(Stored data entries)
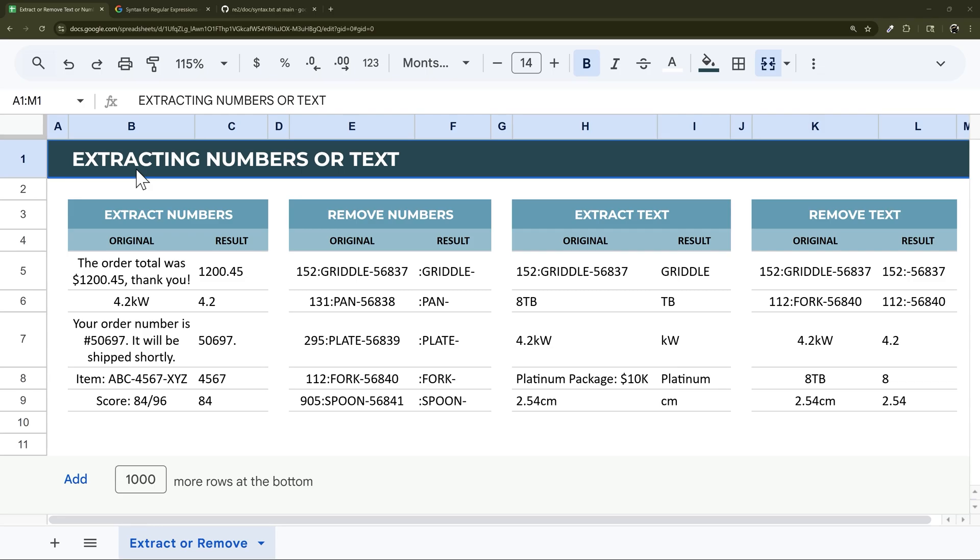So in today's video, we're going to look at extracting or removing numbers or text from a cell. We're going to use regex to do that. Let's go ahead and jump right in.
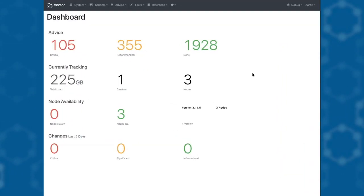Hello, I'm Aaron and I'm going to give you a quick overview of Vector. Here we have the Vector dashboard which gives a simple overview of the clusters and nodes that Vector is monitoring.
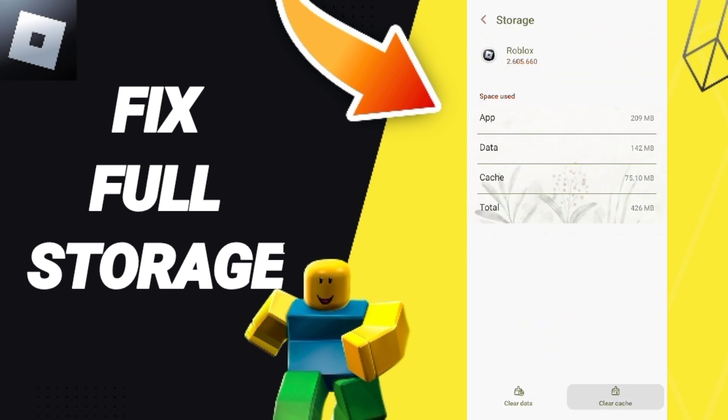Then you can click Clear Cache. Don't click Clear Data because that can cause errors in your app.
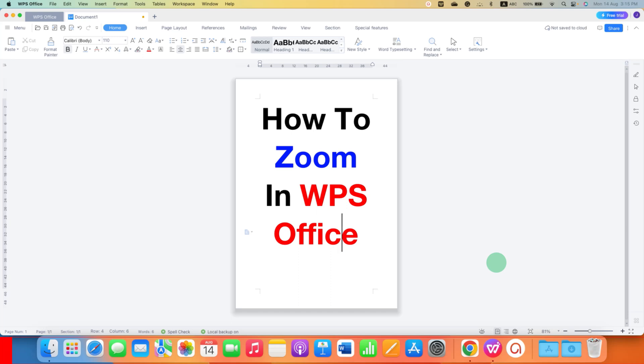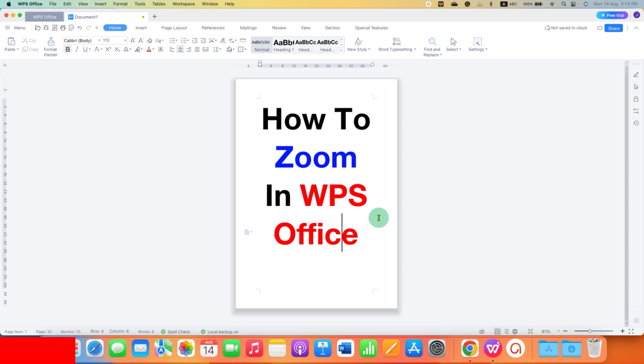In this video you will see how to zoom in in WPS Office. It's very easy. There are several ways to zoom in and out in WPS Office.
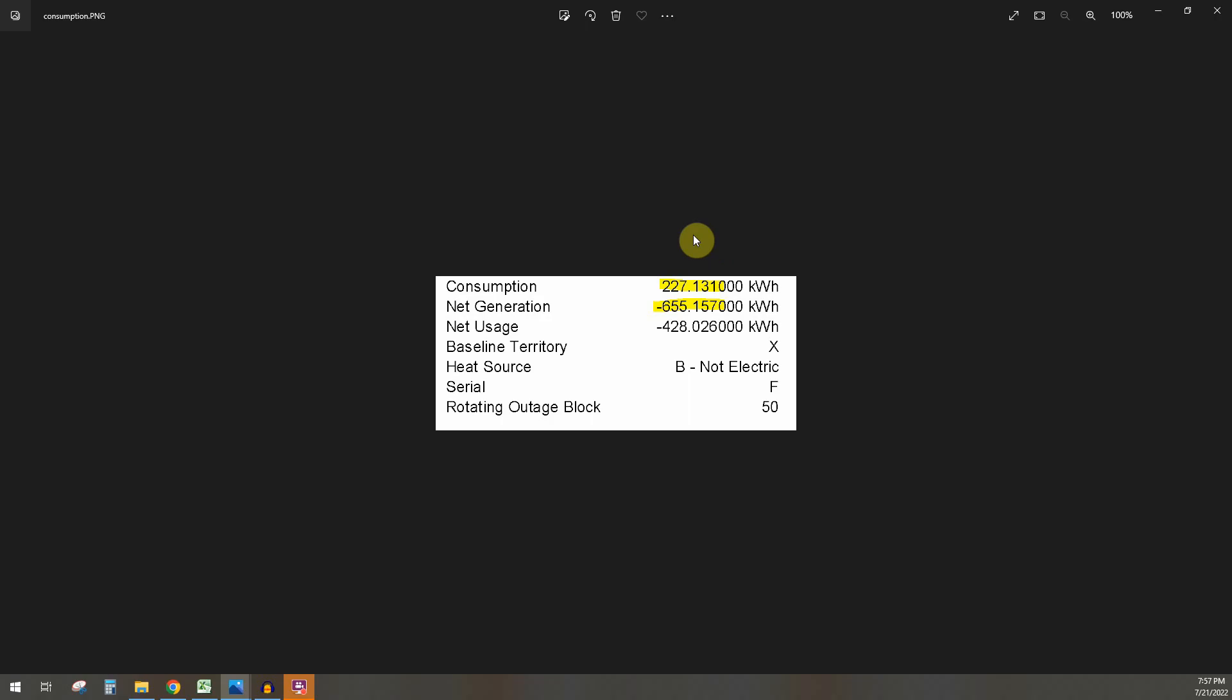And so that is why your utility bill is not going to match what your production from Enphase or SolarEdge is telling you. It's because of load. So hope that video was helpful. Hope that explanation helped you understand why it's not going to match.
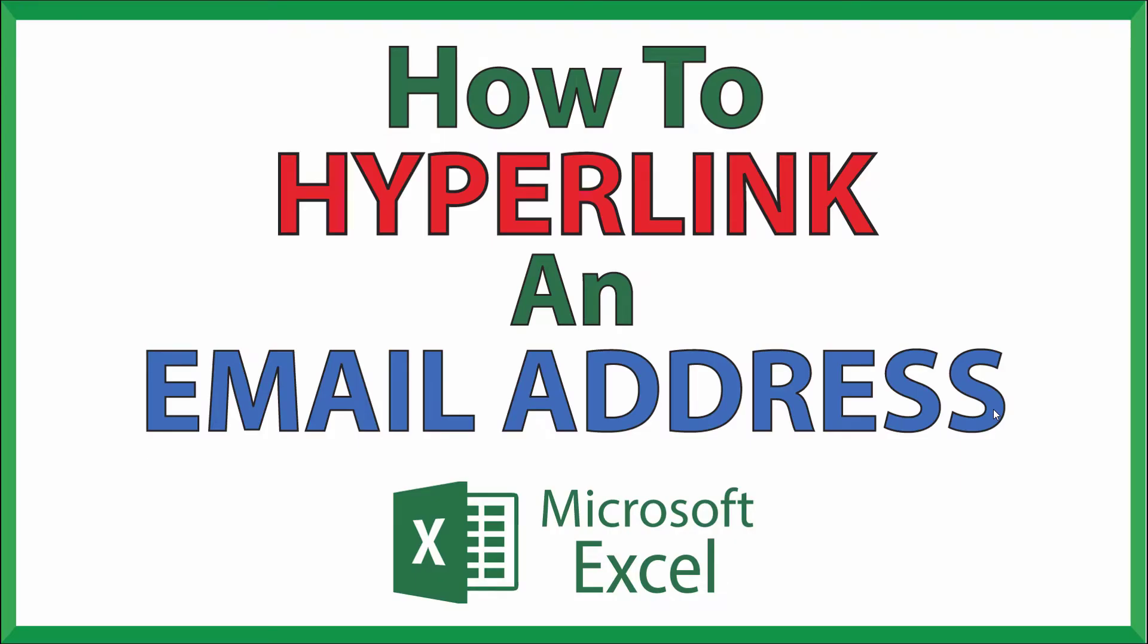This is going to be a video tutorial on how to hyperlink an email address in Microsoft Excel. I'll be using Office 365 on a desktop PC for this. Let me jump over to Excel here.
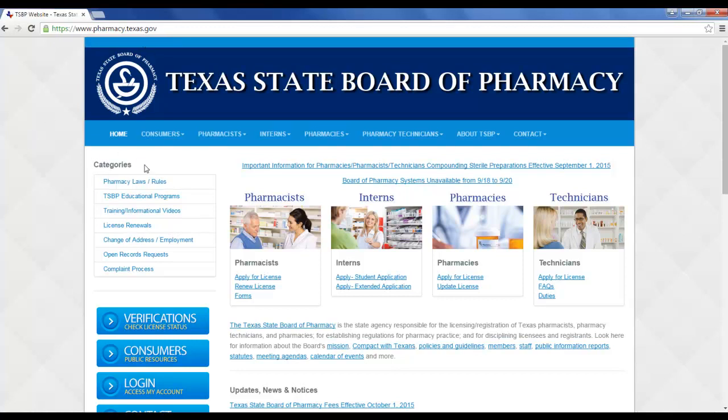Then come over to Categories and click on that second link, which is TSVP Educational Programs.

● **Activity**
Each entry above is to be written out again unchanged, apart from the pictures, which are left out.

● **Response area**
So in today's video, we're going to look at extracting or removing numbers or text from a cell. We're going to use regex to do that. Let's go ahead and jump right in.
Hello, I'm Aaron and I'm going to give you a quick overview of Vector. Here we have the Vector dashboard which gives a simple overview of the clusters and nodes that Vector is monitoring.
Then you can click Clear Cache. Don't click Clear Data because that can cause errors in your app.
In this video you will see how to zoom in in WPS Office. It's very easy. There are several ways to zoom in and out in WPS Office.
And so that is why your utility bill is not going to match what your production from Enphase or SolarEdge is telling you. It's because of load. So hope that video was helpful. Hope that explanation helped you understand why it's not going to match.
This is going to be a video tutorial on how to hyperlink an email address in Microsoft Excel. I'll be using Office 365 on a desktop PC for this. Let me jump over to Excel here.
Then come over to Categories and click on that second link, which is TSVP Educational Programs.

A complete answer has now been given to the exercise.